# My Friends 80's BMX Collection



## Cletus Van Damme (22 Jun 2018)

This is a GT Performer, so I believe



An Ammaco Freestyler




Another Amacco Freestyler that looks a bit different.








A Skyway, not sure the model, but I remember we all wanted one.




A Mag Burner, not sure how old this. The Ultra Burner I had, had U shaped dropout mounts.

Not sure if its of any interest to anybody, or how authentic they are. I can definitely remember some of them. This collection was acquired about a decade ago, not sure from where though..

The GT Performer is my favourite from an aesthetics point of view.


----------



## I like Skol (22 Jun 2018)

WOW! Raleigh burner. Burn em off on a burner..... I can remember the campaign even now. I'm sure it even ran on telly?

A good friend of mine had a gold Raleigh burner and I was well jealous. I was never allowed a BMX 

Throw in some padding and I think this is it.


----------



## I like Skol (22 Jun 2018)

With hindsight it looks a bit...… BSO?


----------



## SkipdiverJohn (23 Jun 2018)

I like Skol said:


> With hindsight it looks a bit...… BSO?



Those old 80's bikes might have been heavy but they weren't really BSO's. You could beat the crap out of them riding off kerbs and launching off wooden ramps you'd rigged up using house bricks and a bit of scrap ply pulled out of a skip, and they didn't break in half on landing!.


----------



## booze and cake (23 Jun 2018)

That is cool, I had the bog standard Red Raleigh Burner with the yellow mag wheels, my brother aced me though as he had the gold one with black mag wheels. That Skyway one though, wow that was the Evil Kneivel bike of the BMX world at the time, those were iconic.

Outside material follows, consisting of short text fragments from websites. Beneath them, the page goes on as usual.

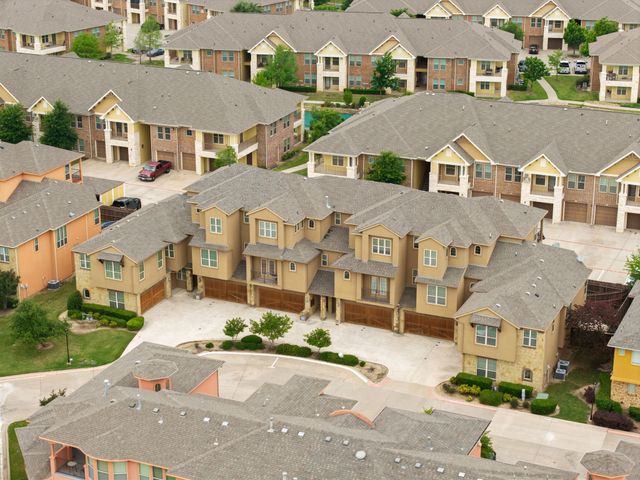 2630 Villa Di Lago 6, Grand Prairie, TX 75054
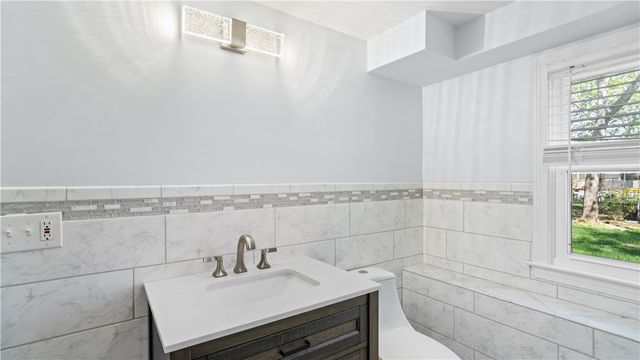 15 Laforge Drive, Coventry, RI 02816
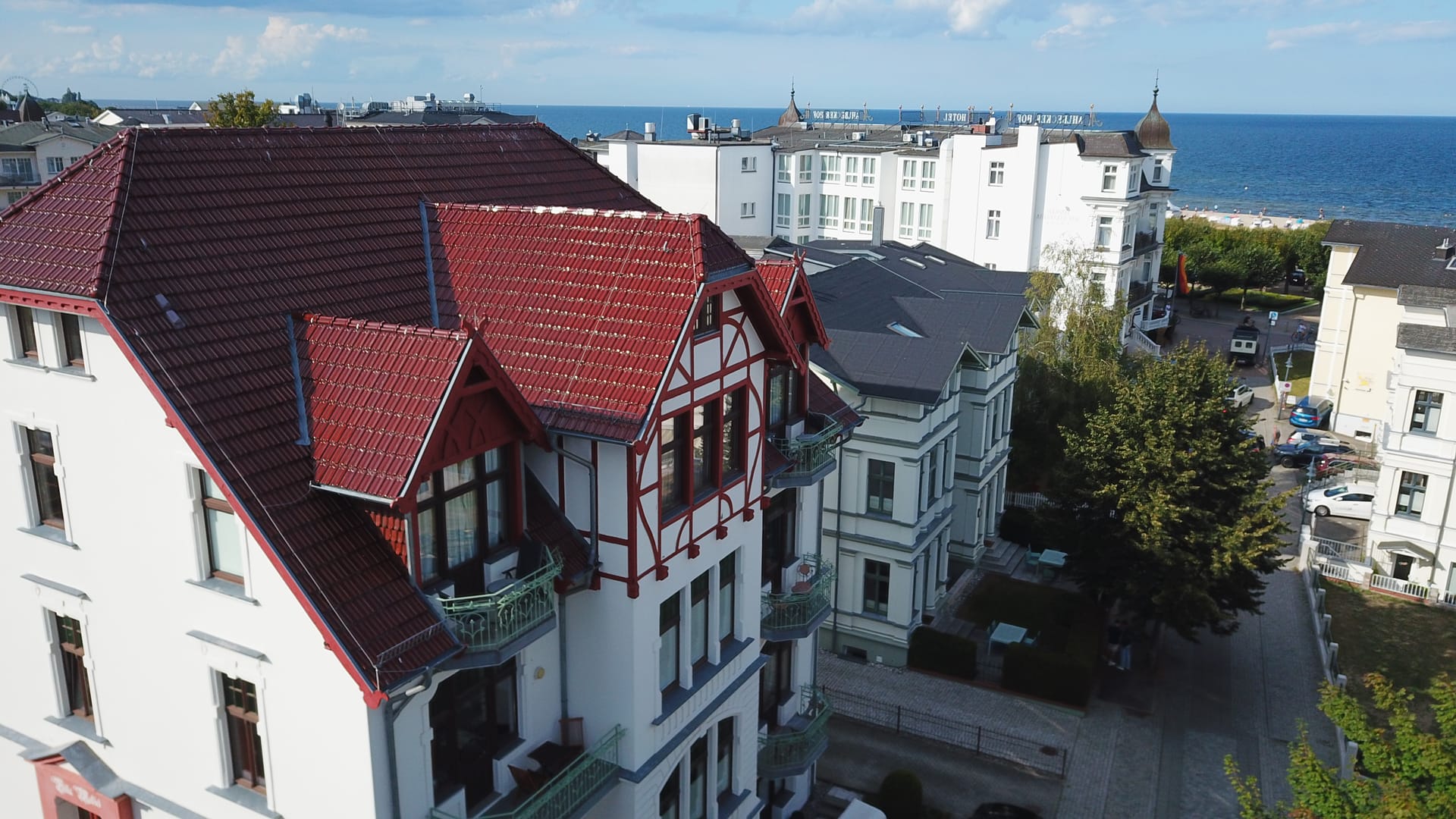 Dachgiebel der Villa Medici Ahlbeck mit Blick über die Nachbarhäuser zur Ostsee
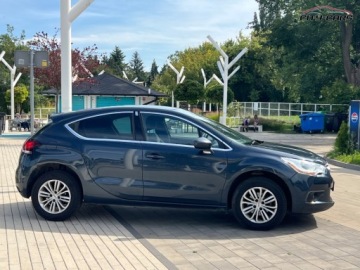 DS 4 I Hatchback (Citroen) 1.6 VTi 120KM 2011 Citroen DS4 1.6 BENZYNA 120KM Zadbany 1.6 Benzyna 120KM, zdjęcie 9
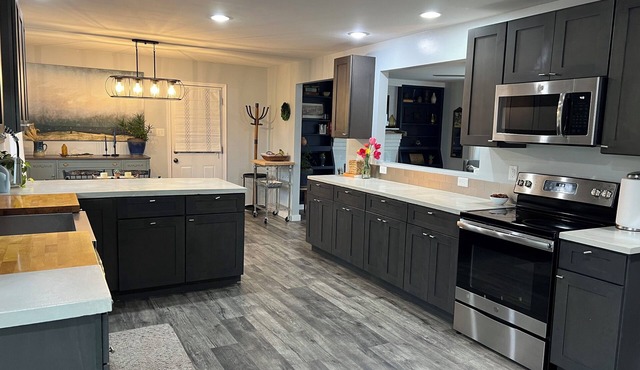 Cozy Virginia Getaway! 1 dog welcome, and 1 month minimum stay required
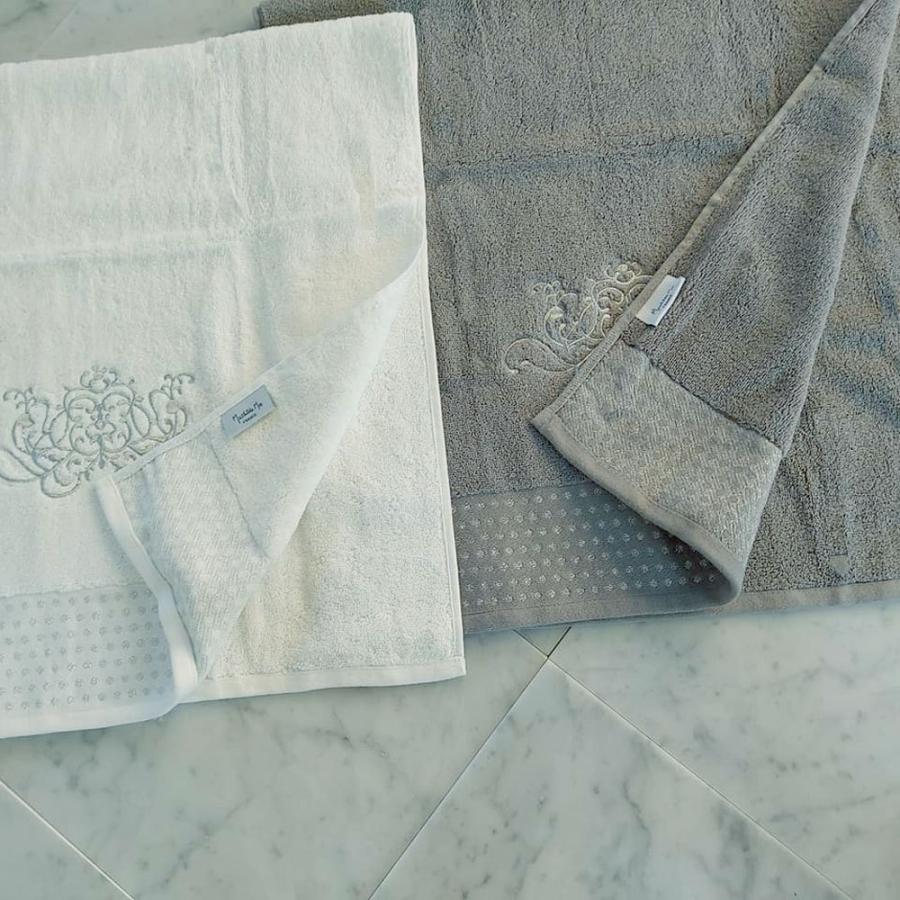 即納　SALE　送料無料　おしゃれ　しっかり生地　バスタオル　見つけました　M’scode　グレーにアラベスク刺繍　オフホワイトに　シルバードット刺繍　フレンチ |  | 04
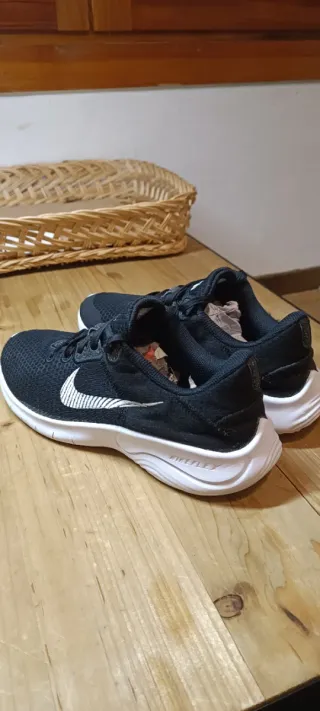 Zapatillas Nike Flex Experience Run 11 Mujer Negra
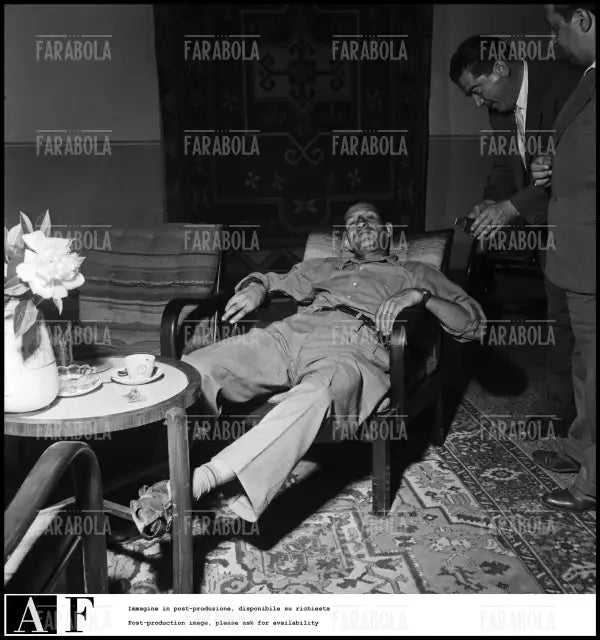 Gino Bartali si riposa, Giro d'Italia, 1953 - Farabola Immagine digitale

And they were capable of going a lot higher than most of us dared on our home made back yard ramps. I remember seeing the 2nd still pic in this link at the time back in 1992 and being blown away, as back yard ramps go this takes the biscuit. And if that wasn't terrifying enough imagine being towed into it by a motorbike doing 55mph while holding on one handed riding up a sketchy plywood runway......
http://xgames.espn.com/xgames/bmx/article/9135867/mat-hoffman-origins-bmx-big-air


----------



## MontyVeda (23 Jun 2018)

All my mates had proper BMXs but i had to make do with my brother's old Grifter, which I'd converted with BMX everything apart from the frame and forks. It really turned some heads at the meets at Middleton. Then I bought a black Ultra Burner with yellow Skyway wheels for £15. The freewheel kept slipping and they were a PITA, but a school mate really wanted them regardless so i sold him the wheels for £15 plus a pair of aria wheels, which meant i could give my dad the £15 back that I'd scrounged of him, and have an ultra burner that worked. Dad went bananas and I still don't know why.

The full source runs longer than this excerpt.